Udine, il NurSind incalza sul mancato adeguamento in busta paga
Al Policlinico Città di Udine i sindacati chiedono l’applicazione immediata delle misure fiscali previste dalla legge di bilancio 2025. Il NurSind sollecita il confronto con la Direzione generale: in gioco detassazione degli straordinari, indennità di turno e arretrati dal 1° gennaio 2026.
di Giuseppe Provinzano
"Nel mondo della sanità pubblica ogni ritardo nell’applicazione delle norme non è soltanto una questione amministrativa: riguarda direttamente il riconoscimento economico e professionale di chi garantisce assistenza ogni giorno nei reparti. Quando una misura prevista dalla legge tarda a tradursi nelle buste paga degli operatori sanitari, il rischio è quello di alimentare frustrazione in un sistema già sotto pressione.
È su questo terreno che il NurSind torna a far sentire la propria voce. Al centro della vicenda c’è il Policlinico Città di Udine, dove il sindacato degli infermieri segnala ritardi nell’applicazione delle novità fiscali previste dalla legge di bilancio 2025 e chiede un confronto immediato con la direzione aziendale".
Il caso Udine: norme approvate ma non ancora applicate
04/04/2026. Al Policlinico Città di Udine la questione riguarda l’attuazione delle misure previste dalla legge di bilancio n. 199 del 2025, che avrebbero dovuto trovare applicazione già dal primo gennaio 2026. Secondo le organizzazioni sindacali, tuttavia, l’adeguamento delle buste paga del personale sanitario non sarebbe ancora avvenuto.
A sollevare la questione sono Afrim Casilli, segretario territoriale del NurSind, e Marco Valentini, referente d’area della Confederazione Generale Sindacati di Udine, che evidenziano come il mancato recepimento delle nuove disposizioni rischi di generare ulteriori tensioni in un sistema sanitario già gravato da carenze di personale e carichi di lavoro elevati.

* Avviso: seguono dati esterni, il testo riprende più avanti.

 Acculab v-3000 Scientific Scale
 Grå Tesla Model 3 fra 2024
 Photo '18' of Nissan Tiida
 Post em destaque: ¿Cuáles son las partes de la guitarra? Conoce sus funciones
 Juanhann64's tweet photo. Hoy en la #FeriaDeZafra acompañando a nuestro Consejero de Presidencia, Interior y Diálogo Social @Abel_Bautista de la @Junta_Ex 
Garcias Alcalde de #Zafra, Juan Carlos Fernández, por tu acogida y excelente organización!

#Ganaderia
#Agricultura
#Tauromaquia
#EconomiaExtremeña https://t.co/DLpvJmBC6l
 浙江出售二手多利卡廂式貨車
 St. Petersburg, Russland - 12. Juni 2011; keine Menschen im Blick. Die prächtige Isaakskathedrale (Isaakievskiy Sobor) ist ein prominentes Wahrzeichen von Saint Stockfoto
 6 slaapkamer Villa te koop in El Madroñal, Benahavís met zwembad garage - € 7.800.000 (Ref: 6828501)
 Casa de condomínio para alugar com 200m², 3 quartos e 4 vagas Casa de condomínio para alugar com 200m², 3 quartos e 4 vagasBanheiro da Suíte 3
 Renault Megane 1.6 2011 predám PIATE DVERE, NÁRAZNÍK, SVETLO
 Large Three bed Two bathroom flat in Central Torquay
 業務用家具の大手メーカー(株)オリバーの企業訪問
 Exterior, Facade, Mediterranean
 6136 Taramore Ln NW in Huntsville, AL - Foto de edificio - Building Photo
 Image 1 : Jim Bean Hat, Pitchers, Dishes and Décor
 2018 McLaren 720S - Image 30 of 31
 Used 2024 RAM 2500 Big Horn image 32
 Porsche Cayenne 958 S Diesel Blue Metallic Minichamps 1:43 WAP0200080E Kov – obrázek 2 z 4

«La legge di bilancio avrebbe dovuto essere applicata dal primo gennaio 2026. La sanità ha già grossi problemi: è azzardato cercarsene altri», sottolinea il NurSind, richiamando l’attenzione sulla necessità di dare seguito tempestivo alle norme approvate.
Il nodo principale riguarda l’adeguamento delle buste paga alle nuove disposizioni fiscali e contrattuali. In particolare, il sindacato insiste sulla detassazione degli straordinari per il personale infermieristico, sulla revisione delle indennità legate ai turni e sul riconoscimento degli incrementi economici derivanti dai rinnovi contrattuali.
Secondo le sigle sindacali, si tratta di misure attese da tempo e fondamentali per dare un segnale concreto ai professionisti della sanità, soprattutto in un momento storico segnato da forte stress organizzativo e difficoltà di reclutamento.
Il rimpallo tra uffici e l’allarme del NurSind
A complicare la situazione, spiegano i rappresentanti sindacali, sarebbe il rimpallo di responsabilità tra gli uffici amministrativi. Da una parte l’ufficio del personale, dall’altra gli uffici che gestiscono l’elaborazione delle buste paga.
La motivazione addotta sarebbe quella di attendere le circolari e le istruzioni operative degli enti competenti prima di procedere all’applicazione delle nuove disposizioni normative.
«Ci viene detto che è necessario attendere le pubblicazioni delle circolari e delle istruzioni operative prima di applicare le novità normative nelle buste paga, per tutelare i produttori di software e i loro clienti. Anche no», replica con decisione il NurSind.
Il sindacato sottolinea inoltre che l’eventuale ritardo nell’applicazione delle norme non eliminerebbe comunque l’obbligo di riconoscere gli arretrati maturati.
«Si pensi che dovranno essere corrisposti gli arretrati dal primo gennaio al personale. Rimandare l’applicazione non risolve il problema, ma lo sposta soltanto nel tempo», evidenzia il sindacato.
La richiesta di confronto con la Direzione
Di fronte a questa situazione, il NurSind chiede un incontro urgente con il direttore generale del Policlinico Città di Udine, Claudio Riccobon, per chiarire tempi e modalità di applicazione delle nuove misure.
L’obiettivo del sindacato è evitare ulteriori ritardi e garantire che i benefici economici previsti dalla legge arrivino realmente nelle tasche degli operatori sanitari.
La vertenza aperta a Udine rappresenta, ancora una volta, uno spaccato delle criticità che attraversano il sistema sanitario italiano: tra norme approvate, applicazioni tardive e lavoratori che attendono il riconoscimento di diritti già stabiliti.